Os liames libidinosos da poética mansouriana reverberam a gula deletéria de seu verbo, verve efervescida pela concupiscência humana, rejubilada pela respiração furiosa das paixões. Mansour nos regala uma vida criativa vociferada na vastidão dos deleites dissolutos, seus poemas são habitados por vultos famélicos, carne cobiçosa em confabulação com a angústia de uma devassidão destrutiva, chama que se consome no próprio ardor. Observamos em sua palavra poética, a expressão erótica regida pelo contínuo embate entre as forças pulsionais de vida (eros) e morte (tânatos), potência bacante de corpos que buscam freneticamente a fusão e a continuidade, ao passo que se deslocam, langorosamente, para a decomposição. Em seu prefácio para a antologia poética Gritos, rasgos e rapinas23 poemas de Joyce Mansour (2011), o poeta Claudio Willer identifica as linhas de força e elementos dominantes no repertório estético de Mansour:

 

[…] estão presentes o surrealismo intenso, visceral; o lirismo ambivalente, transformando cada poema em arena de confronto de Eros e Tânatos; a violência ao investir contra a moral, os bons costumes e as ideias recebidas; a religiosidade pagã e blasfematória; a equivalência verbal à nudez; à exposição total, pois, citando-a, “O amor não tem o que fazer do anonimato”; por isso, deve ser proclamado com ênfase. (WILLER, 2011).

 


A poesia de Joyce Mansour nos revela faces abissais do amor, o sangue de sua linguagem flui dos caldeirões incandescentes em que se agitam e transbordam as forças pulsionais primevas, as viscerais aventuras afetivas, excessivamente humanas. Em seu reino imagético, mormente brilham os poderes brutais do amor e os horrores do gozo, carnalidade de uma lírica devoradora, despudor de uma poeticidade que cintila na antessala incandescente de fabulações lascivas.
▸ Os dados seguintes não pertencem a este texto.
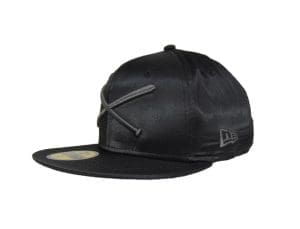 Crossed Bats Logo Black Satin 59Fifty Fitted Hat by JustFitteds x New Era Left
Em Gritos, Desgarraduras y Rapaces (2009) estão reunidos os três primeiros livros de Mansour traduzidos ao espanhol por Eugenio Castro, a obra foi publicada na Espanha pelas Edições Igtur. O volume inclui um epílogo escrito por Eugenio Castro, intitulado “Joyce Mansour: el grito y la carne consumados” (“Joyce Mansour: o grito e a carne consumados”) no qual o autor assinala suas ponderações sobre a essência da arquitetura poética de Joyce:

 

Desse modo, assim como o inconsciente físico reveste o corpo do desejo, o inconsciente psíquico intervém qualitativamente no surgimento e na construção dessa escrita que se conduz de acordo com o desencadeamento daquele desejo do desejo sem fim que caracteriza a poesia de Mansour, sendo um de seus pré-requisitos inapeláveis ​​e, claro, desafiadores, olhar para ela face a face como só se pode fazer diante da face do Eros, infinitamente mais temível do que diante do rosto da Realidade. Joyce Mansour o faz. Compreender-se-á, assim, que toda abordagem a esta poesia se faz sob a aceitação total desse desafio. (CASTRO, 2009)

 

A violência da palavra mansouriana engendra um corpo convulso guiado pelo desejo de amar e aniquilar, explorando um léxico que esculpe o paroxismo mortífero na pele. A poeta celebra o império do interdito suscitando camadas sinestésicas, rítmicas, semânticas e sensoriais, interpelando as potencialidades do prazer em transfiguração verbal e fusão alquímica.

 

Mergulhando no turbilhão: tessitura do eros em versos

No tecido poético de Mansour reúnem-se elementos que expressam comunhão com o erotismo. Sua obra explora o território do Eros insidioso, espelha magnitude da experiência orgiástica em flerte contínuo com a morte e aniquilação, engenho poético em movimento pelos terrenos da transgressão, através da violação dos interditos. A figuração do impulso erótico em conflito com o entalhe tanático permeia todo o corpo poemático da autora, as forças de vida e morte pulsam entrelaçadas em construção emblemática. Diante das vigorosas nuances eróticas mescladas à morte na lavra mansouriana, nosso aporte teórico se concentrará nos escritos do filósofo Georges Bataille, especificamente no livro O Erotismo (1987).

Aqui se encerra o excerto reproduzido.